▶ _PROBLEM TO WORK ON_: Please write out all of the data below exactly, without including the pictures.

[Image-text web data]
┏━━
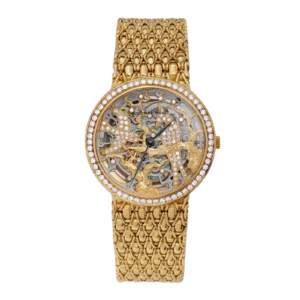 Audemars Piguet Vintage 33mm Skeletonized Diamond Birds Watch 18K Gold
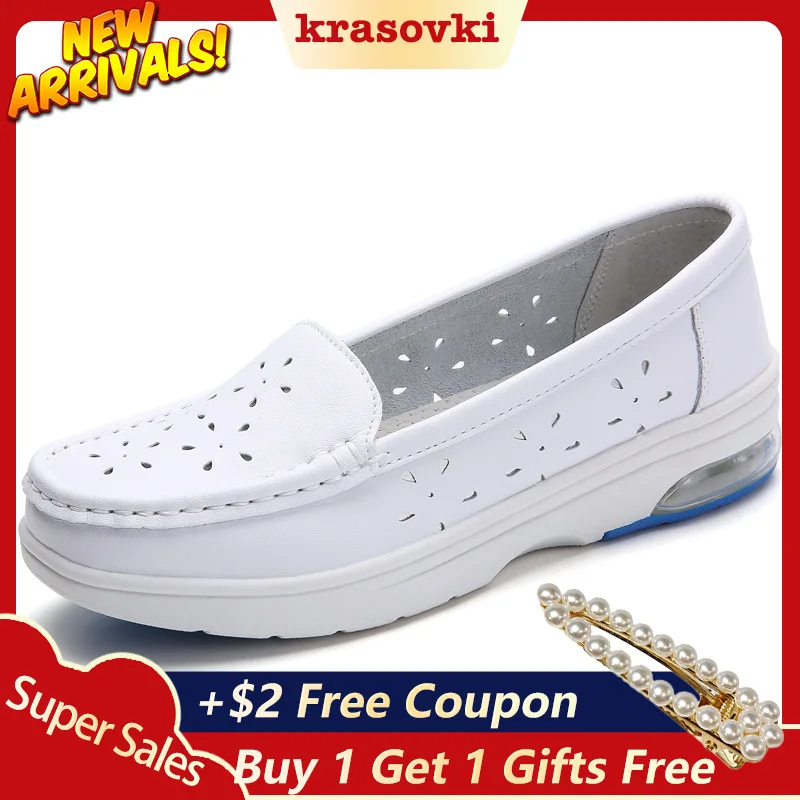 

Krasovki Single Shoes Women Spring Breathable Leather Thick Bottom Oxford White Shoes Dropshipping Anti Skid Slip on Women Shoes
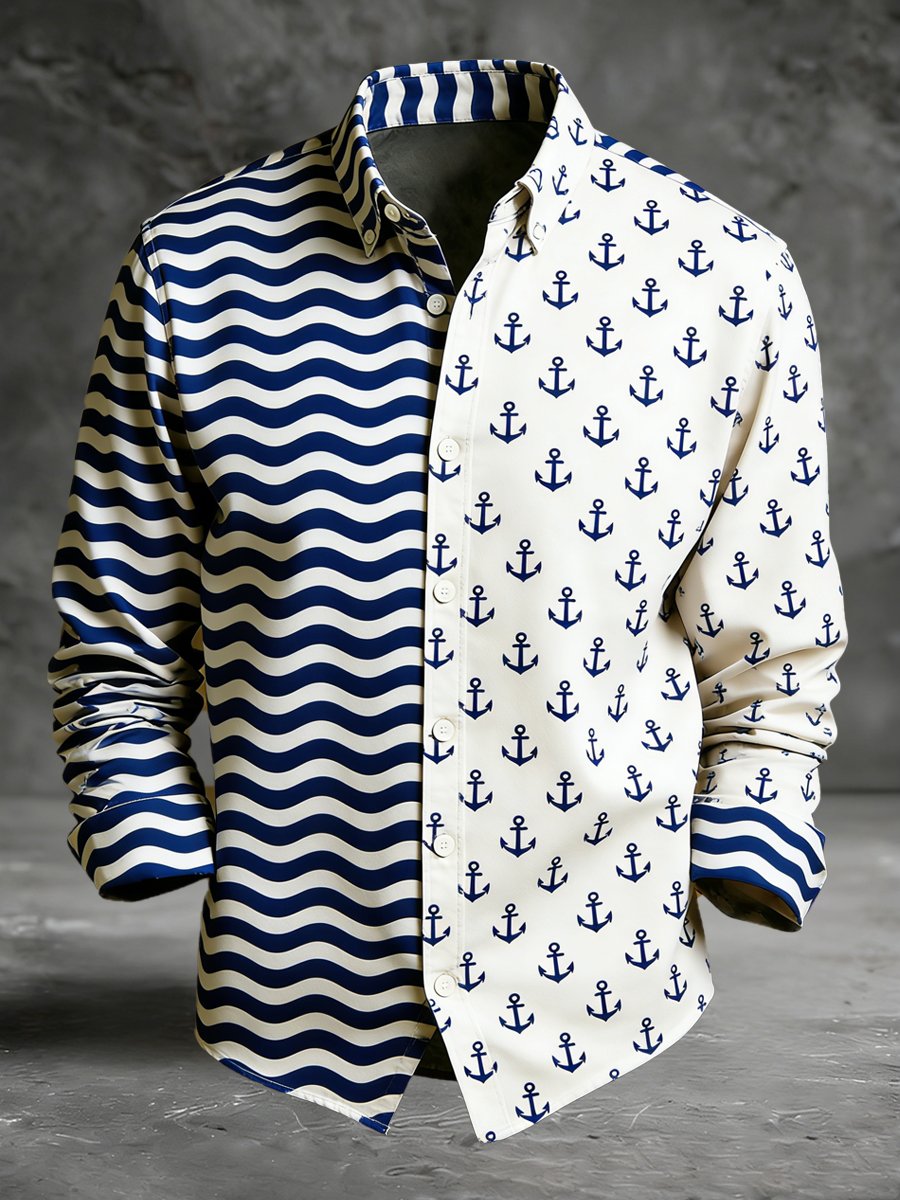Camisa vintage commemorative navy estampado de manga larga para hombre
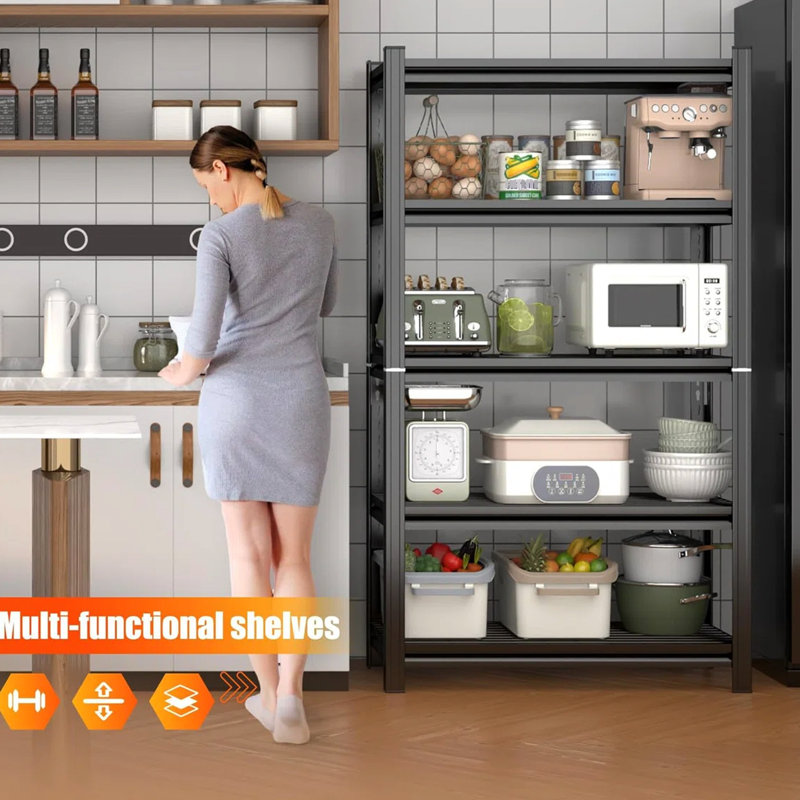 Support de rangement en métal à 5 couches avec hauteur réglable, capacité de 2000 livres pour les garages, les grandes surfaces et les entrepôts, noir, gymnases à hauteur d'installation rapide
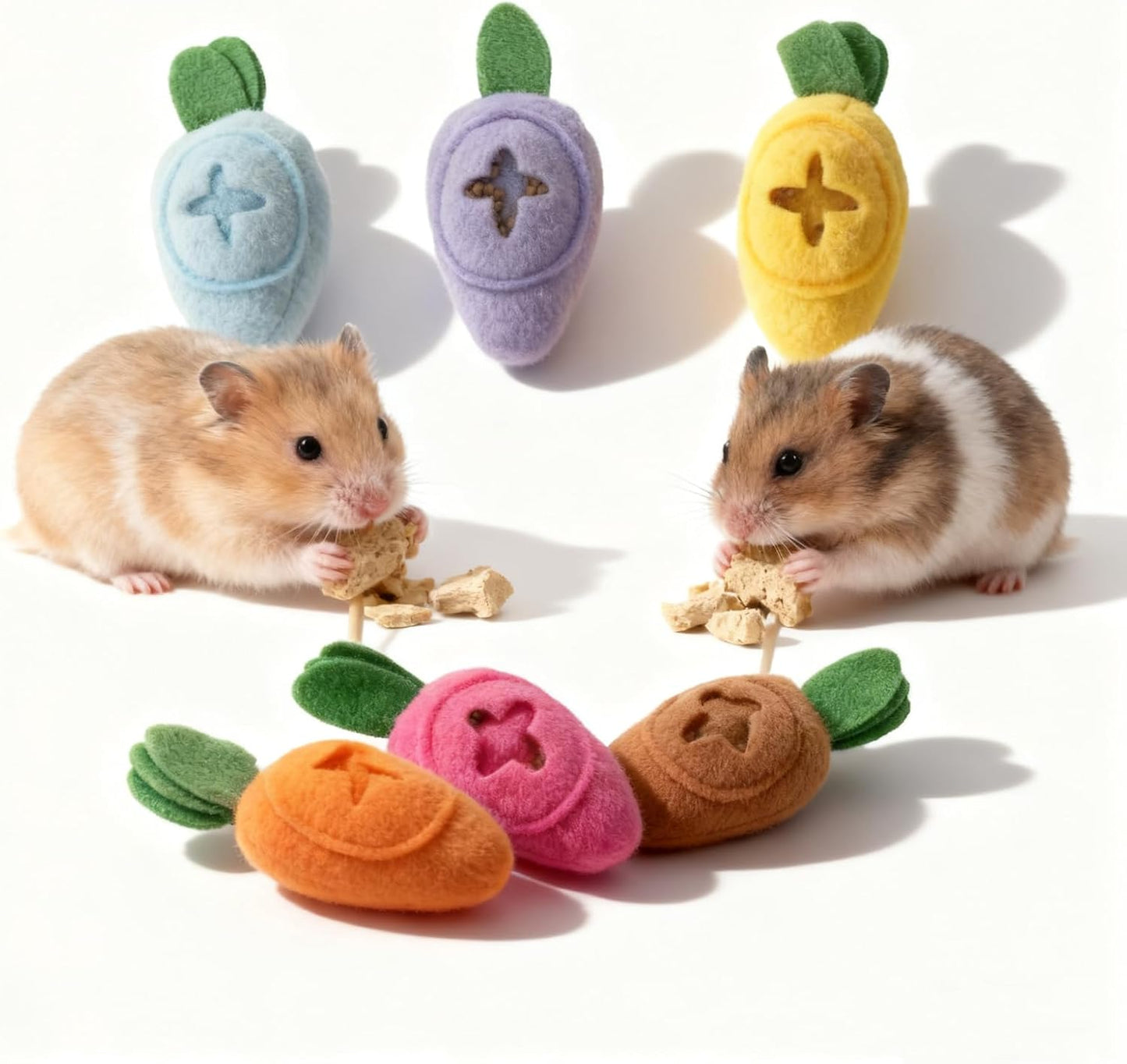 6 Pack Hamster Feeding Toys, Small Animals Toys Foraging, Rat Puzzle Feed Game Toy Washable Slow Feeder for Guinea Pigs Ferrets Hedgehog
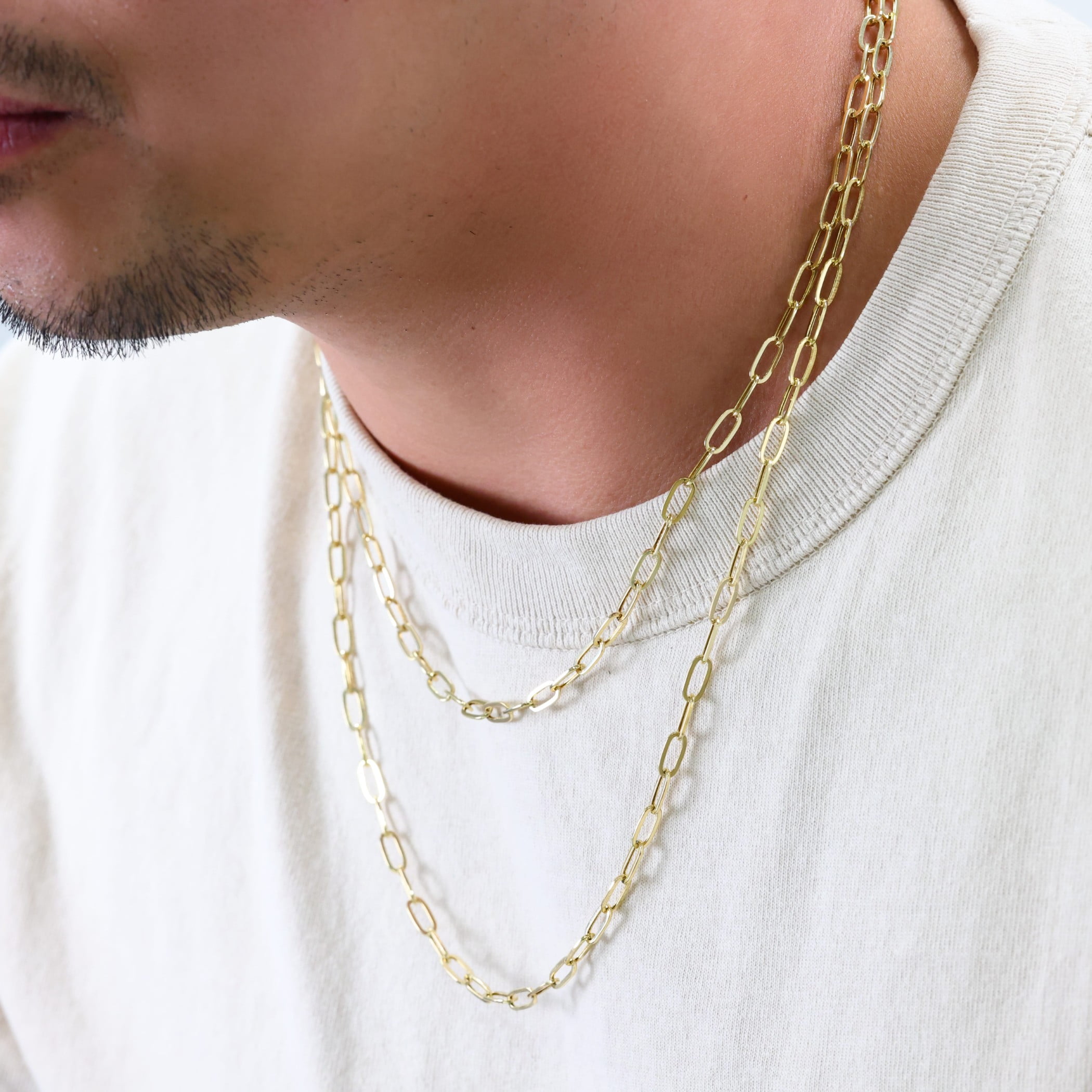 Nuragold 14k Real Yellow Gold Paperclip 4mm Elongated Cable Link Necklace (16"-24") Dainty Italian Jewelry for Men & Women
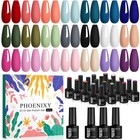 24 Pcs Gel Nail Polish Set - 21 Colors  Base   Top Coat  Matte   Glossy Finish 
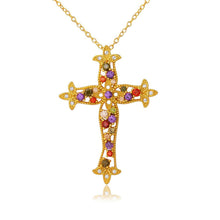 Load image into Gallery viewer, Sterling Silver Gold Plated Multi Color CZ Cross Necklace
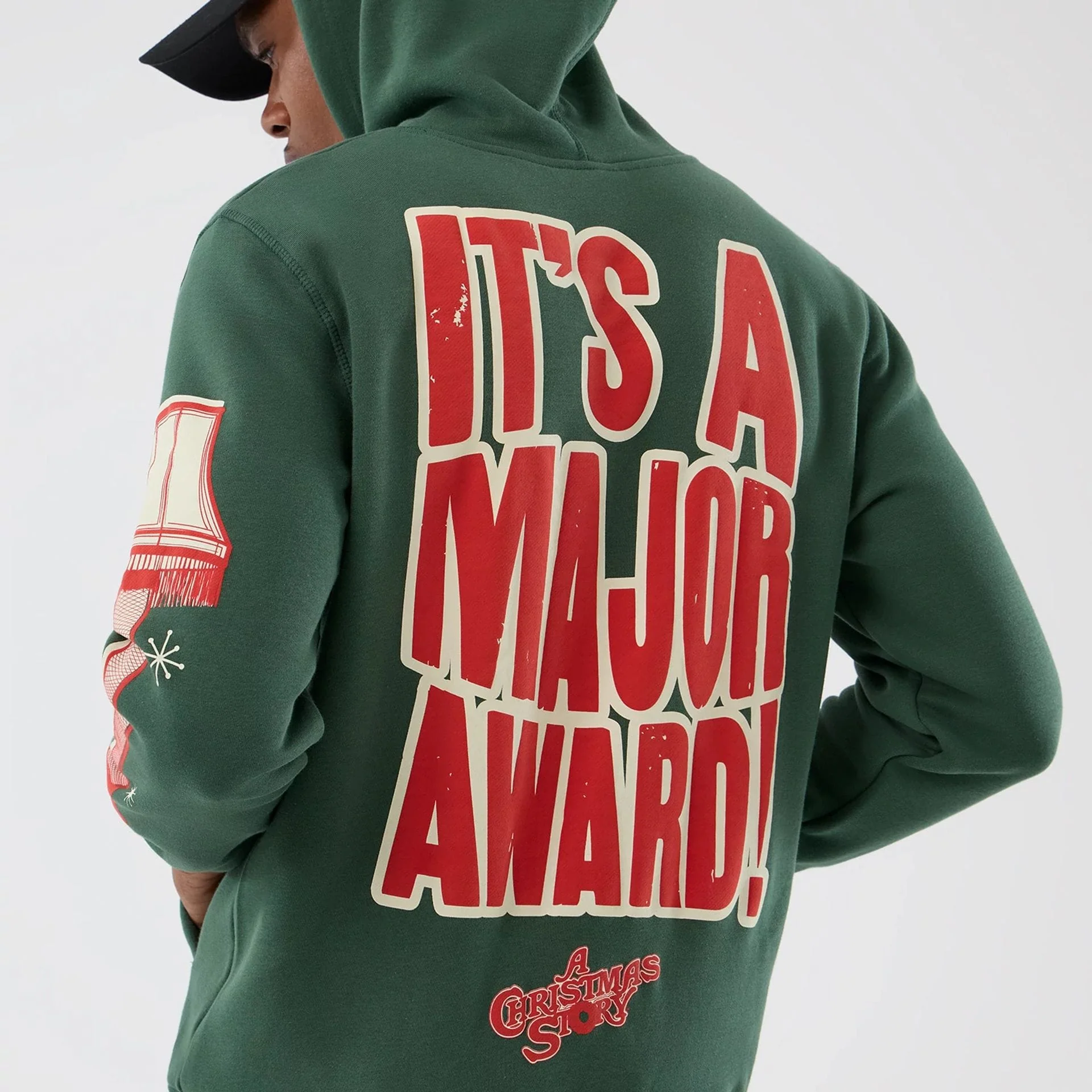 A Christmas Story Major Award Dark Green Pullover Hoodie - Image 6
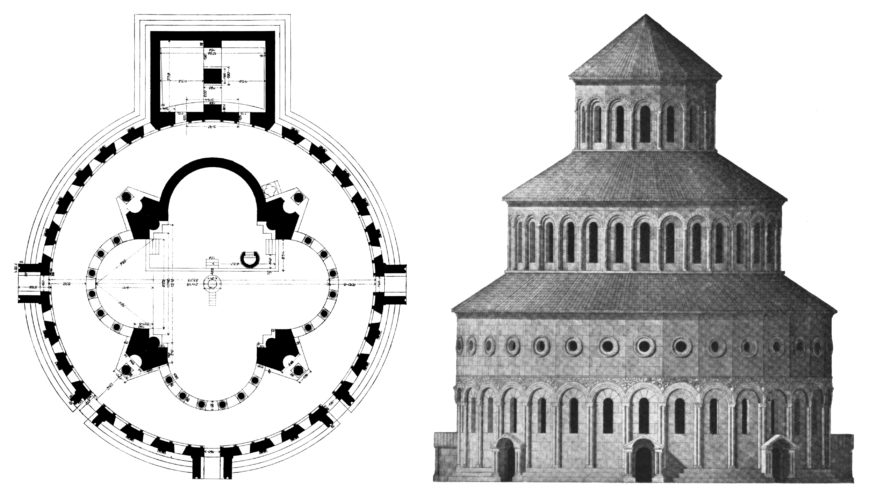 Church of the Vigilant Powers (Zvart‘nots‘), Vagarshapat, plan and possible reconstructed elevations, from Josef Strzygowski, Die Baukunst der Armenier und Europa, vol. 1 (Vienna: A. Schroll & Co., 1918), figs. 112 and 119.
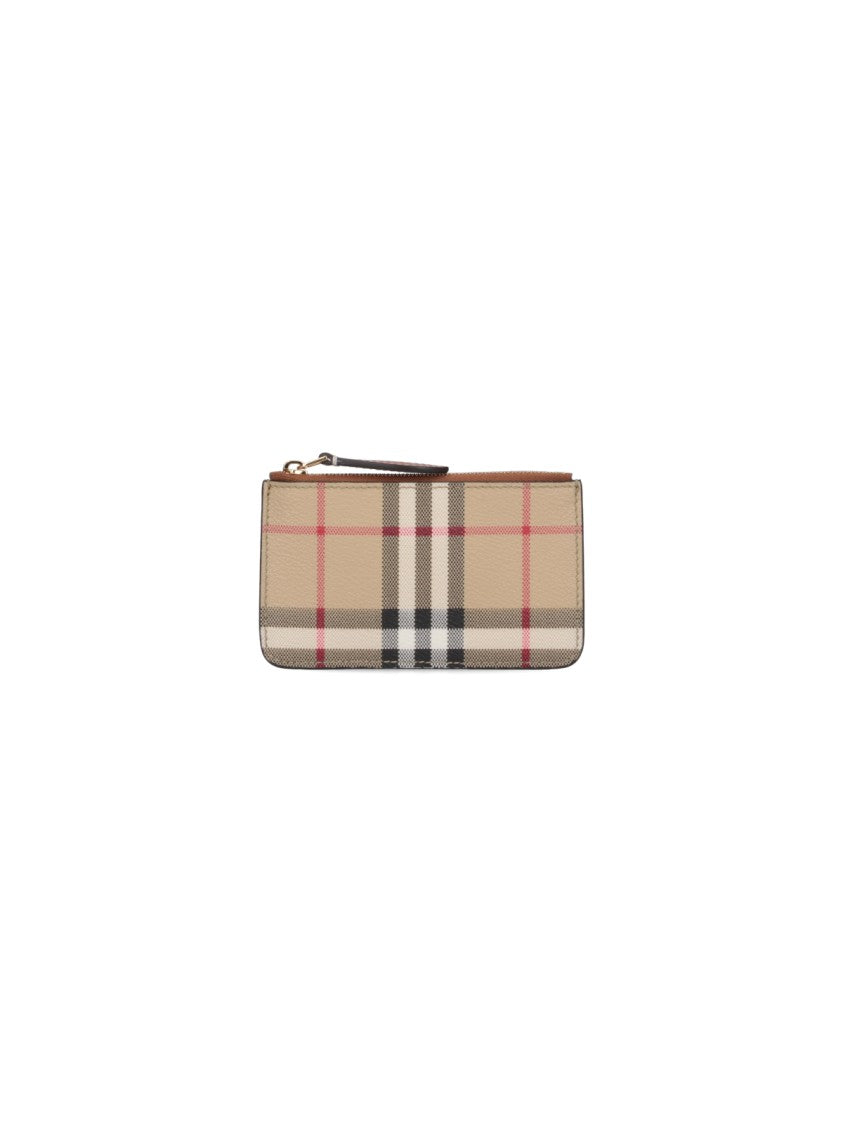 Burberry "Check" Zip Coin Purse - Beige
┗━━
▶ _EXERCISE SOLUTION_:
 Audemars Piguet Vintage 33mm Skeletonized Diamond Birds Watch 18K Gold

Krasovki Single Shoes Women Spring Breathable Leather Thick Bottom Oxford White Shoes Dropshipping Anti Skid Slip on Women Shoes
Camisa vintage commemorative navy estampado de manga larga para hombre
 Support de rangement en métal à 5 couches avec hauteur réglable, capacité de 2000 livres pour les garages, les grandes surfaces et les entrepôts, noir, gymnases à hauteur d'installation rapide
 6 Pack Hamster Feeding Toys, Small Animals Toys Foraging, Rat Puzzle Feed Game Toy Washable Slow Feeder for Guinea Pigs Ferrets Hedgehog
 Nuragold 14k Real Yellow Gold Paperclip 4mm Elongated Cable Link Necklace (16"-24") Dainty Italian Jewelry for Men & Women
 24 Pcs Gel Nail Polish Set - 21 Colors  Base   Top Coat  Matte   Glossy Finish 
 Load image into Gallery viewer, Sterling Silver Gold Plated Multi Color CZ Cross Necklace
 A Christmas Story Major Award Dark Green Pullover Hoodie - Image 6
 Church of the Vigilant Powers (Zvart‘nots‘), Vagarshapat, plan and possible reconstructed elevations, from Josef Strzygowski, Die Baukunst der Armenier und Europa, vol. 1 (Vienna: A. Schroll & Co., 1918), figs. 112 and 119.
 Burberry "Check" Zip Coin Purse - Beige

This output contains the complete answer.